Anna will be attending Barry University a small(ish) Catholic school just north of Miami. I have mixed feelings about it. Barry is overtly, unabashedly Catholic and I am an admirer of the Catholic educational tradition in principle but, more than most Universities, puts an awful lot of emphasis on "social justice" which, while not necessarily bad, is certainly a concern. (When principles of "social justice" are applied to individual interactions they are, invariably, unjust.) All this is, of course, yet another example of a lesson I re-learn everyday: It's not my world anymore.
No photos, because much of the days were spent shuttling back and forth between the Sheraton on the beach in Ft. L (not a bad place, but there are nicer choices) and Barry U., but we did manage some interesting excursions.

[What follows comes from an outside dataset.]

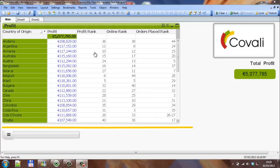Hi folks, in a previous video I showed you how to use the rank function. We created the profit rank, the online rank, and the order-based rank.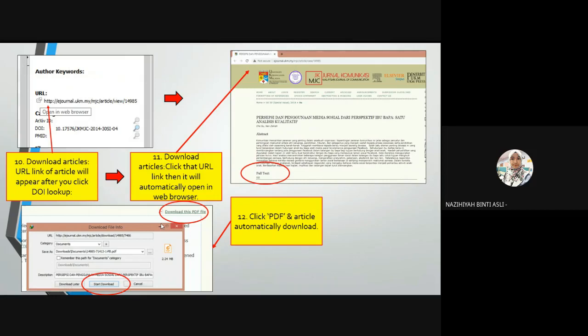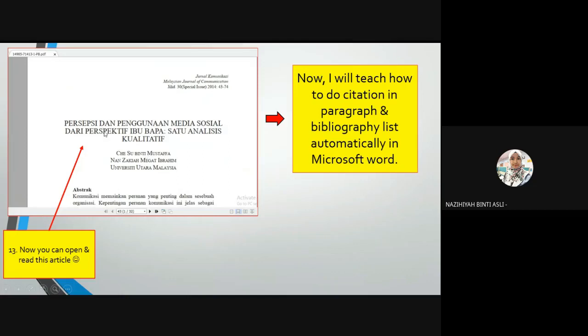But there are some articles that do not have DOI information. For those, you just need to copy the title of the article and paste it in a web browser such as Google Chrome — it will be searchable. Then download it as you normally would. Don't forget to save your reference to your folder in Mendeley. After downloading, you can open and read the article on your PC.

A run up A1A to Delray Beach was a winner. It remains my favorite beach town in Florida -- laid back, uncrowded, beautiful beach, perfect main street (Atlantic Ave.) to stroll. I'll take a lounge chair and full cooler here any day. Try Pizza Rustica for a slice of pure awesome.
We also made a dash into South Beach for a tasty dinner at Emerils, but not before making an attempt to walk down Ocean Drive until the restaurant barkers and gay boys dancing in their underwear drove us away. Good timing because as soon as we made it over to Collins Ave. what must have been the entire the Miami Beach police force descended on Ocean Drive to deal with some form of insanity. I'm too old to find such hooliganism entertaining anymore.

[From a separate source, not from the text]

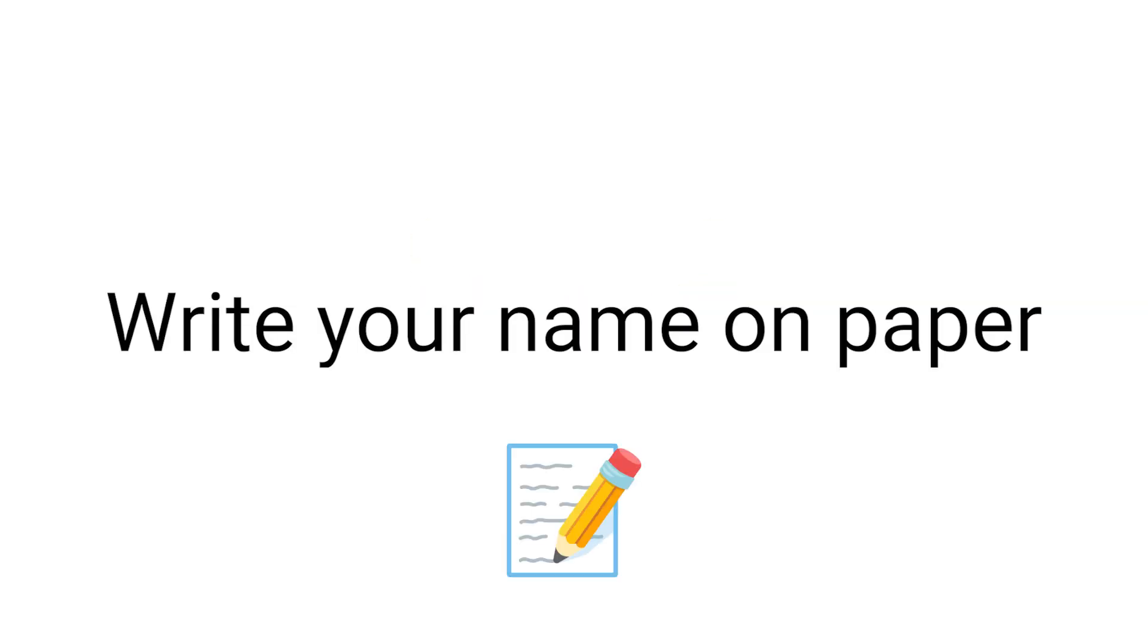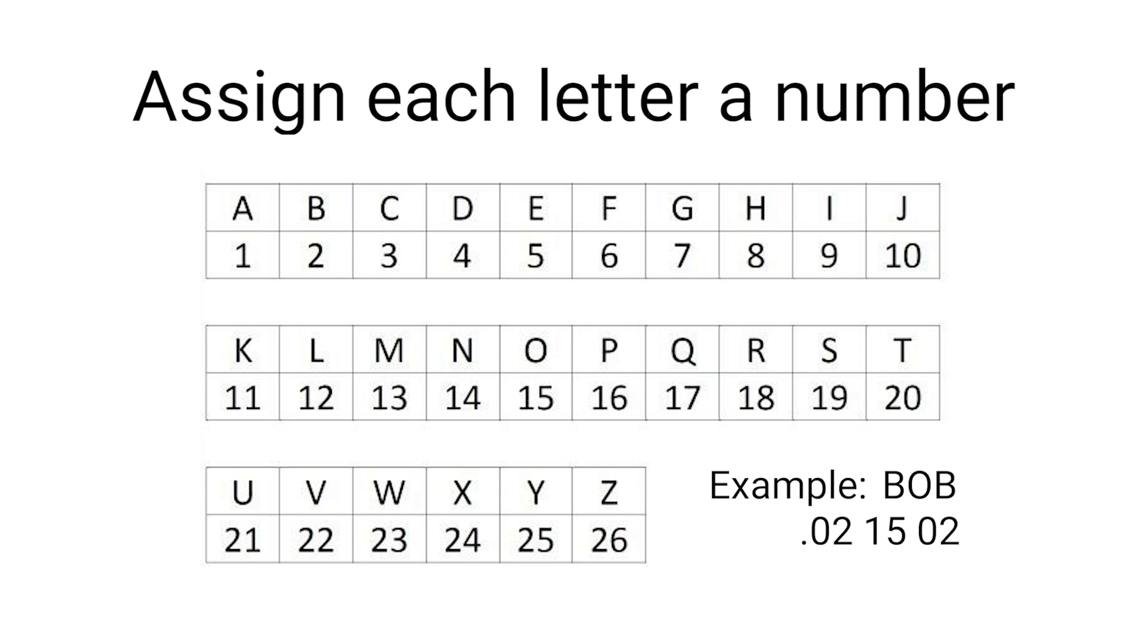Step 1: Write your name on the paper. Step 2: Now assign each letter of your name a number according to this table.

More enjoyable was walking through two Art Deco gems, The National and The Delano. Anna declared The Delano to be the most beautiful hotel she had ever seen, including the ones in Vegas. I had to agree. We decided to make that the official hotel of future college visits to Anna, but have yet to decide who's going to take out the second mortgage.
(Unrelated observation: Two places that used to be on my list for regular visits but that I have since gotten over: South Beach and New Orleans. That leaves Manhattan and Vegas and the recently added Chicago. There is clearly meaning in that, but have no interest in finding it.)
We hit Bal Harbour (north end of Miami Beach) a couple of times for dinner as it's the most convenient place to Barry. A decent little block or two for wandering with some decent restaurants but Bal Harbour is mostly just super-expensive high-rise condos and a shopping mall that charges admission.
After dropping Misses Kate and Anna off at the airport I had a couple of hours before my flight (which turned into six hours, thanks Delta) so I explored a bit more of Ft. L proper. I remain unimpressed. There is a long strip of beach bars and hotels with loud music and drunken revelers, but if you really want that, you're better off in South Beach. There is Las Olas Blvd., which trys to be a chilled out main street, but the traffic can be heavy and it's not really close to the beach -- if you really want that, you're better off driving up to Delray. That's the issue I have with Ft. L. It's just doesn't seem to be comfortable in its own skin. It's an odd mix of vibrant party center and laid back beach town, as a result it succeeds as neither. This is especially clear when there are better alternatives for either atmosphere less than an hour away.
Still, whether it's Miami Beach or Ft. Lauderdale or Delray there is always the joy of crossing the broad, soft sand of the beach and floating about in the summer-warmed Atlantic, which hasn't changed since I was twelve. I think I'm going to have to visit Miss Anna fairly often.